Но у имени есть еще одна функция. Имя — это нечто, выделяющее человека из среды ему подобных, делающее его уникальным, неповторимым. Таким образом, имя можно рассматривать как обязательный атрибут человеческого существа. Для древних казалось очевидным, что между именем и душой существует вполне определенная связь, поскольку душа считалась носителем человеческой индивидуальности.

Зачастую имя считалось как бы воплощением самой души. Предполагалось, что знающий имя человека мог повелевать и его душой. Эта связь широко используется в вербальной магии, в различных заговорах и молитвах. В некоторых религиях, в частности, в иудаизме, существует запрет произносить подлинное

имя Бога, что является явным отголоском древнейших представлений о связи имени с душой. Этим же объясняется традиция давать ребенку несколько имен: эта мера призвана была запутать злоумышленника и помешать ему причинить вред душе носителя этих имен, поскольку он не мог догадаться, какое из них главное. Такая традиция до сих пор существует у католиков, только объяснение ей дается другое: якобы человеку, названному именами нескольких святых, тем самым обеспечивается большая защита, чем если бы у него было только одно имя.

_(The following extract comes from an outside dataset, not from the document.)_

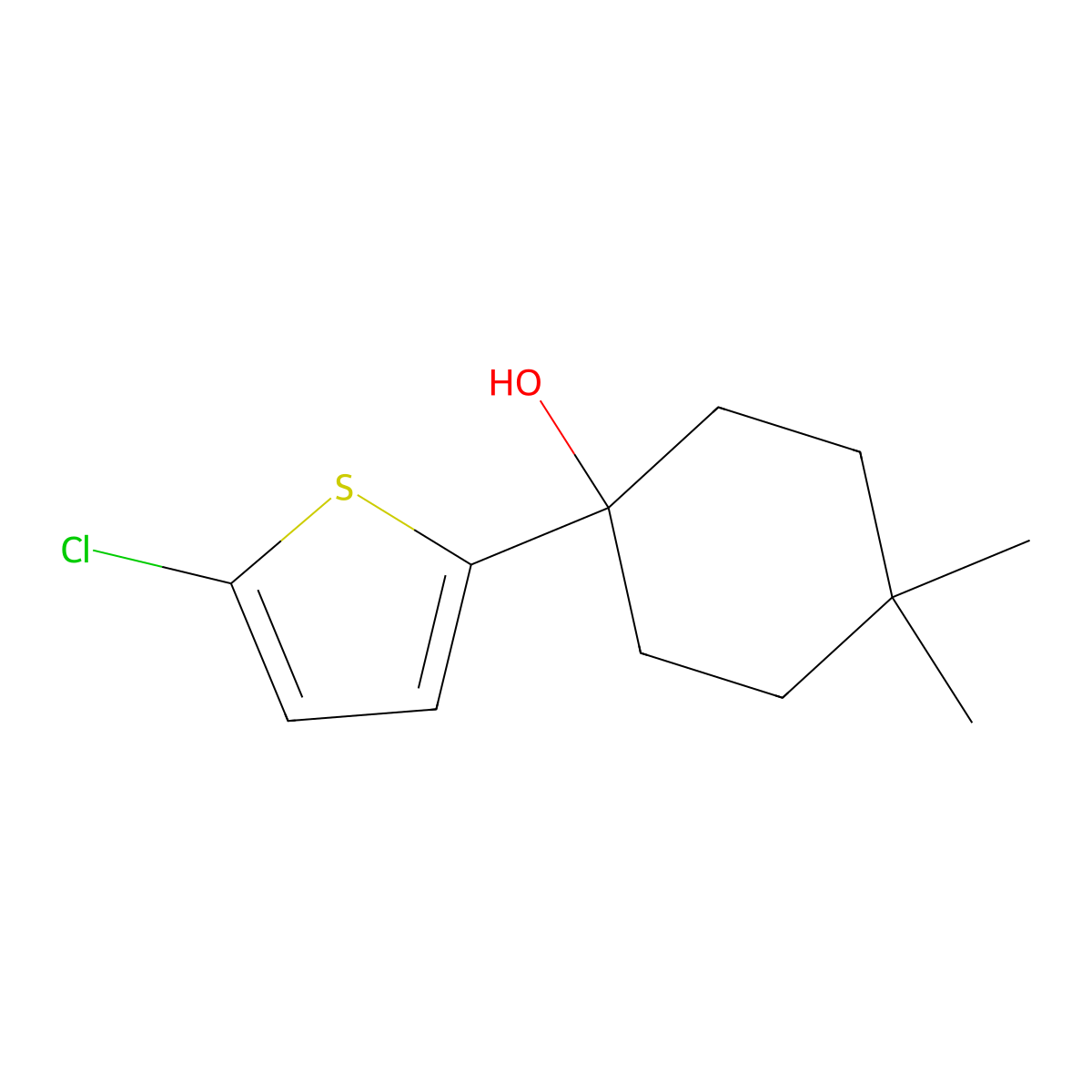 1-(5-Chlorothiophen-2-yl)-4,4-dimethylcyclohexanol molecular structure, CAS 1511327-10-8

Древние египтяне были убеждены: если человеку не удавалось сохранить имя, он переставал существовать. Уже во времена царя Пепи имя считалось важнейшей составляющей человека.

Имя как атрибут или воплощение души интересно еще вот чем. Хотя оно может быть выражено материальными знаками, само по себе оно как бы бесплотно, в отличие от крови или сердца, которые можно видеть, осязать, измерять и т. д. Понятие о душе-имени отражает представление о душе как о чем-то бесплотном, неощутимом, более «тонком», чем физическое тело.

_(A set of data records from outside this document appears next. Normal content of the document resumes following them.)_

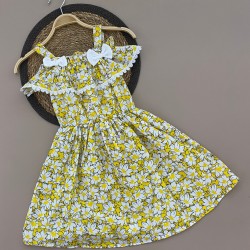 Лятна детска рокля в жълто с голи рамене Лятна детска рокля в жълто с голи рамене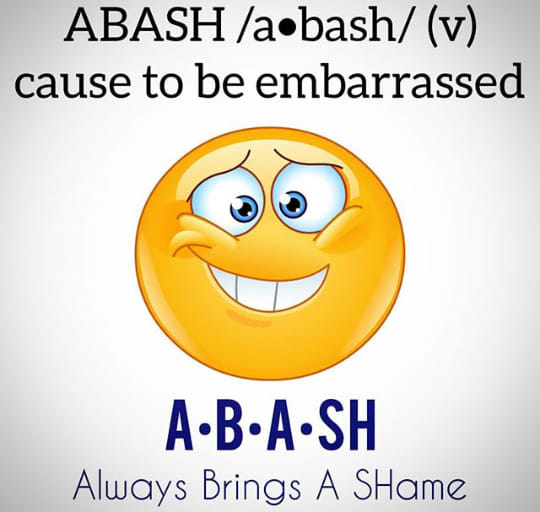 Zephyr English Cafe | #Words# Abash 👉 cause to be embarrassed. Example ...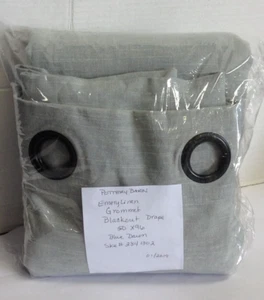 Pottery Barn Emery Leinen Ösen Vorhänge Paneele Vorhänge Verdunkelung 50x96 Blue Dawn - Bild 1 von 3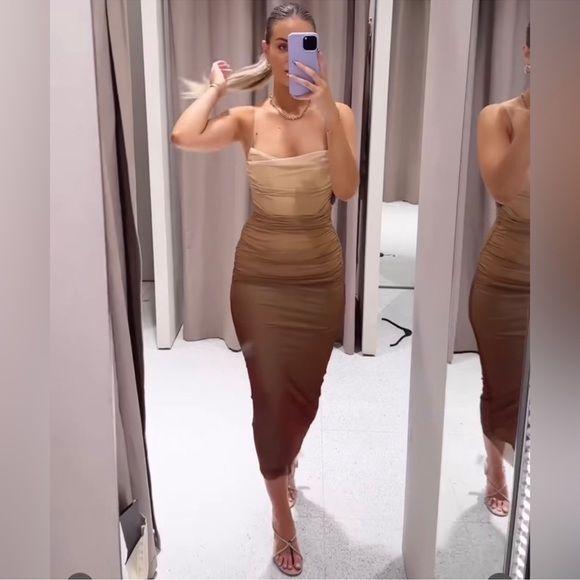 Zara PRINT DRESS WITH TULLE - Picture 9 of 16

Обратим внимание на еще один аспект отождествления души с именем. Имя — это результат разумной деятельности. Имя — это слово, а слово является единицей мысли, элементом сознания. Животные не дают друг другу имен, не определяют словами объекты, с которыми имеют дело. Из всех населяющих землю существ эта прерогатива принадлежит только человеку. Этот факт специально зафиксирован в Книге Бытия, где сказано буквально следующее: «Господь Бог образовал из земли всех животных полевых и всех птиц небесных, и привел [их] к человеку, чтобы видеть, как он назовет их, и чтобы, как наречет человек всякую душу живую, так и было имя ей (очевидно, прежде появления человека имен не было. — Авт.). И нарек человек имена всем скотам и птицам небесным и всем зверям полевым» (Быт. 2:19, 20). Стало быть, отождествляя душу с именем, древние заявили о наличии, помимо оживляющей (животворящей) и чувствующей (эмоциональной) функций души, еще и третьей функции — разумной, рассудочной, свойственной только человеку.

Душа-двойник

Иногда душу называют «вторым Я» человека (лат. alter ego). Предполагается, что «первое Я» — это тело, обычно используемое для идентификации личности (фотография, отпечатки пальцев, словесный портрет и т. д.).

На определенном этапе развития человек начинает выделять себя из окружающего мира, научается мысленно дифференцироваться от толпы сородичей. Изначально интегральное сознание приобретает черты индивидуальности. Появляется, поначалу смутное и неопределенное, представление о своем «Я». Большую роль в этом процессе играет самонаблюдение.

В окружающем мире человек выступает как субъект, вступающий в некоторые отношения (действие, наблюдение) с объектами, и это разделение на субъект и объект вполне оправданно. Здесь человек — сторона познающая, а окружающий мир — сторона познаваемая. Но стоит направить внимание на самого себя, и мы сталкиваемся с проблемой идентификации: кем же является в данном случае человек — познающим или познаваемым? Если я познаю — то тот, кого я познаю, должен быть отличен от меня; если я — объект наблюдения, то кто же наблюдатель? Когда я вижу и осязаю тело другого человека, то выступаю как цельное существо, использующее свои органы для познания. Но когда я вижу и осязаю собственное тело, то кто же я — тот, кто видит и осязает? Ведь наблюдатель отличен от этого тела. Этот «кто-то» и есть «Я» человека, пребывающее в теле, но не тождественное ему.